A new girls club was organized at the Sanford Center in Sioux City in 1959. It was the first inter-racial club in the county with 16 girls and three leaders. In recent years new 4-H clubs have been started at Girls Inc. and the Midtown Family Community Center. The urban effort has helped to increase membership in the Woodbury County program. The Center has helped to reach new youth.
In the 1970 it was mandated that we no longer have a Boys 4-H Committee and a Girls 4-H Committee. A 4-H and Youth Committee whose representatives were selected from equal population areas and would now oversee all areas of youth development. In order to provide continuing structure and support for the traditional community 4-H clubs, a sub-committee was formed in 1974. The duties of the sub-committee were to evaluate record books, prepare the fair classes, choose award winners, help recruit 4-H leaders and fair superintendents and to generally offer suggestions to help improve the county 4-H program.
Members of this newly formed committee were: Bill Hamann, Marian Harrison, Lou Matthey, Vince O-Connell, Russ Koskovich, Marie Albertsen, Maureen Sobieski, Marilyn Engle, Mildred Gardner, Maxine Black, Sheryl McGowan, Dorothy Powell, Nancy Burright, Dan Miller, Wayne Molstad, Bill Utesch, Joe Shoop, Nina Cropley, Eleanore Lewis, Bob Lewis, Lou Roach, Leonard Todd, and Milo Wilson. All 23 were present for the first meeting. This committee had continued to serve although their function has changed to follow the changes in the 4-H program. It is now called the 4-H and Fair Committee, and its members provide continuing support for the 4-H community clubs. Members include: Jen Ankerstjerne, Nancy Burright, Steve Christiansen, Tony Hansen, Jamie Johnson, Denise Knaack, Eleanore Lewis, Polly Pithan, Alan Ralston, Janet Ralston, Wayne Ralston, Gwyn Schramm, Tom Swanger, Kathy Tabke, Lane Tabke, Jim Thomas, Jessica Weber and Ashley Weber.
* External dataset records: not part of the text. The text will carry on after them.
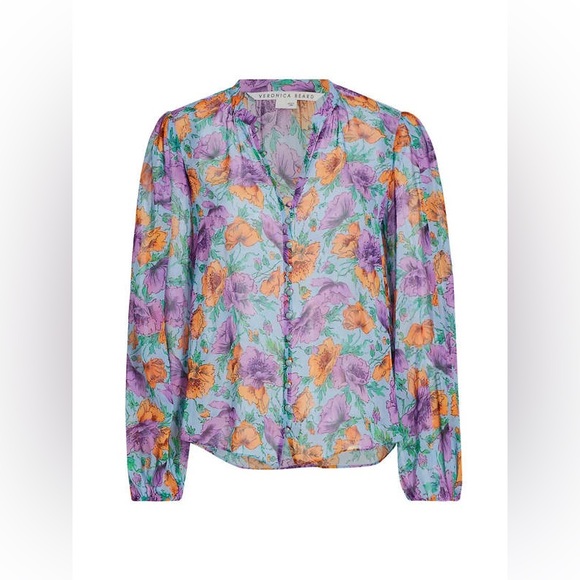 NEW Veronica Beard
Syden Floral Silk Top MSRP $448 - Picture 6 of 8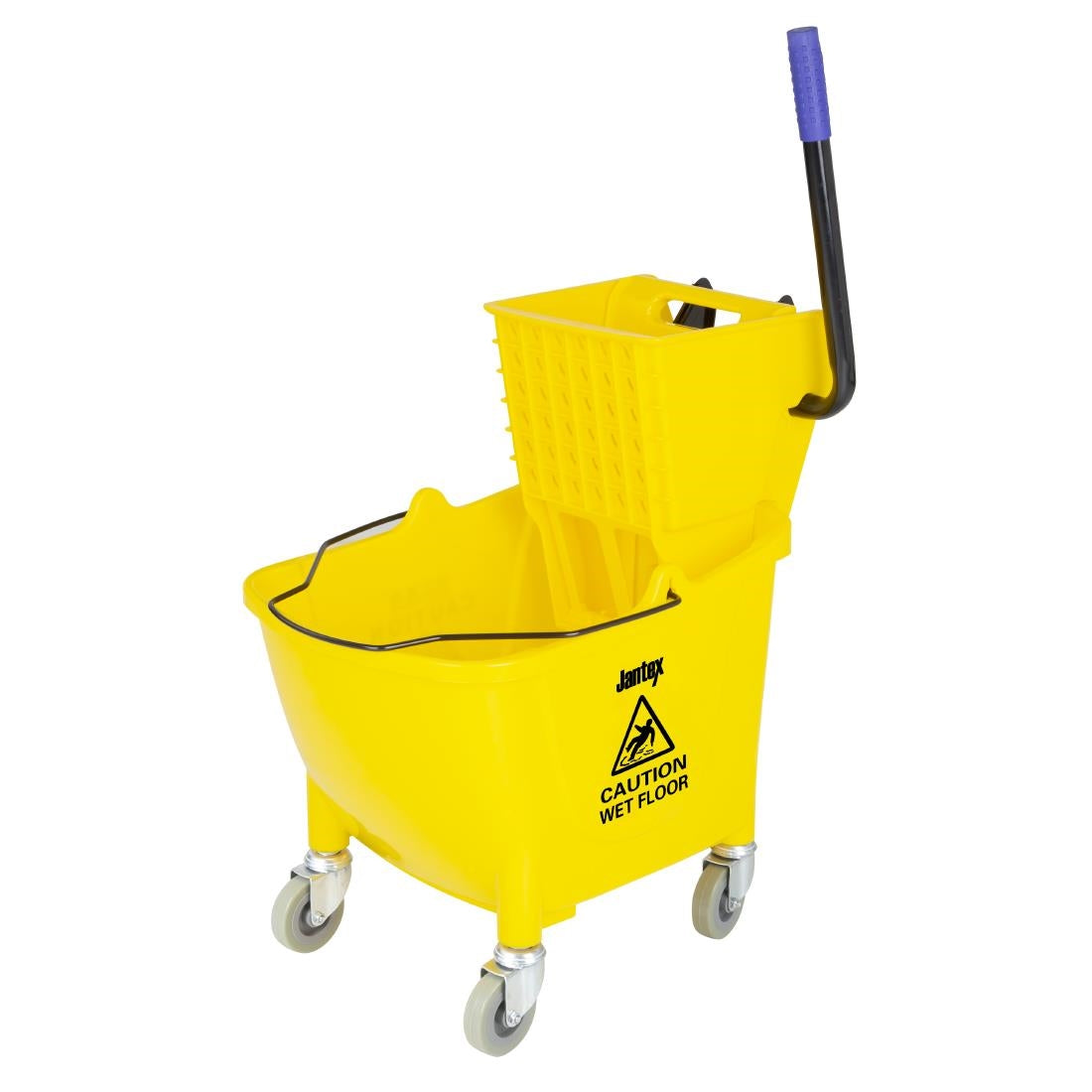 Jantex 25Ltr Mop Bucket with Foot Pedal Release Yellow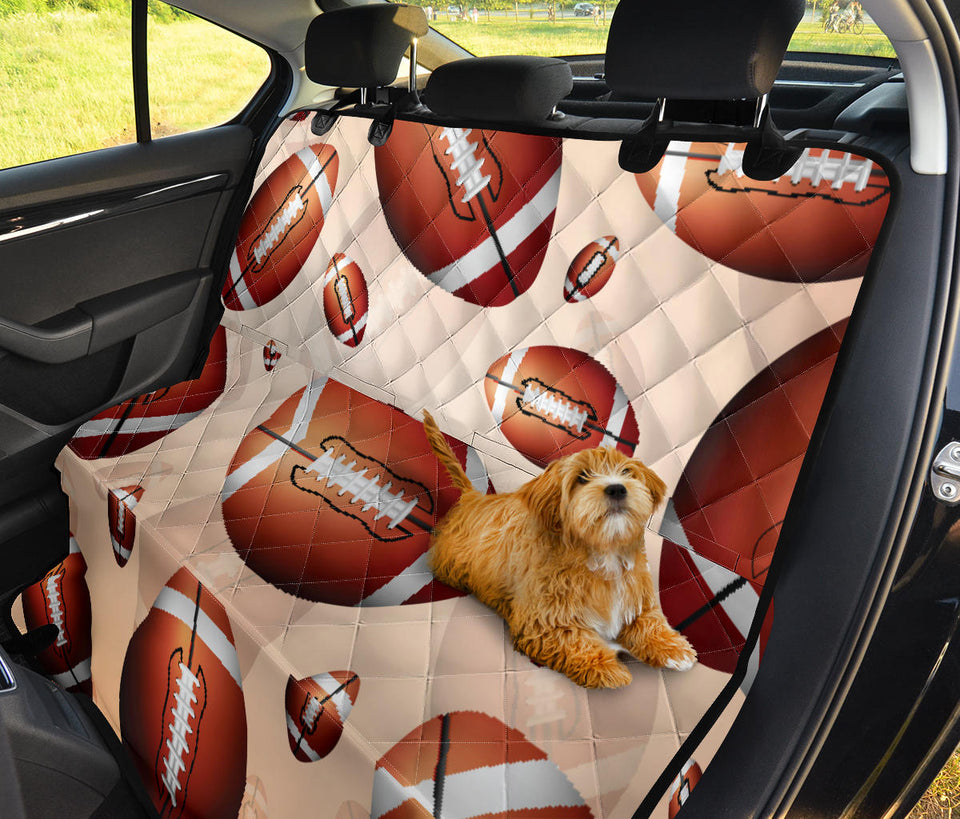American Football Ball Design Pattern Dog Car Seat Covers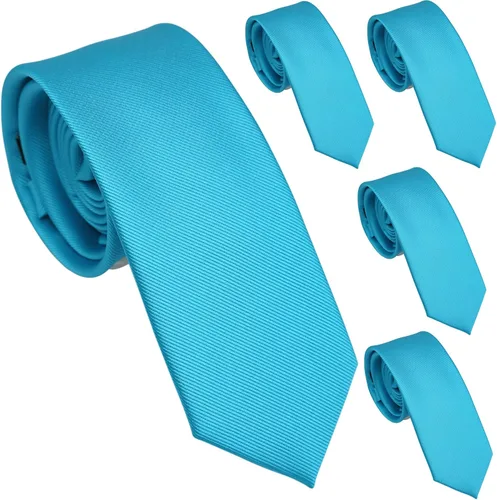 ZENXUS Corbatas delgadas para hombre, color sólido de 2.5 pulgadas, corbatas delgadas, paquete de 1 o 5 corbatas lisas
The first 4-H Hall of Fame inductee from Woodbury County was Esther Klingebiel McKee. Esther came to Woodbury County in 1939 as “Home Demonstration Agent” and served until 1968. For many people, she was the standard by which all extension personnel were measured. She was a graduate of ISU and received awards on both the state and national levels for her work with 4-H clubs and rural men and women. She was a charter member of the Iowa 4-H Foundation and assisted in raising money to purchase the
Clubs with long histories include the Arlington Future Farmers – 89 yrs, Pioneer Valley – 71 yrs, Willow Workers – 75 yrs, Triple S Hawkeyes – 61 yrs, and Rock-Kee-Union – 60 yrs. In 1963 Woodbury County boasted of 49 4-H clubs. Currently there are 20 clubs.
As Iowa celebrated the 4-H Centennial, Woodbury County was honored to premier the children’s book, “Helping Hands, Caring Hearts.” To honor Lou Roach and Sheryl McGowan, Dr. Roach and Dr. McGowan underwrote the printing costs. The book was illustrated by Carol Faber, former Woodbury County 4-H’er.
Pictured: Carol Faber, Sheryl McGowan, Dr. Gerald McGowan, Florine Swanson, Dr. Kenneth Roach and Lou Roach
A $10,000 grant from the Missouri River Historical Development allowed the 4-H Fair Superintendents to design and build new booth dividers and other furnishings for the 4-H Building on the Woodbury County Fairgrounds in 2011. The new dividers replaced the ones built in 1972 when the 4-H Exhibit Building was erected and dedicated to 4-H usage during the fair. Several years ago the Woodbury County Fair Board let 4-H members use the air conditioned Varied Industry Building to have their 4-H building exhibits conference judged before fair. This has been much appreciated by 4-H families, leaders, judges and 4-H fair superintendents.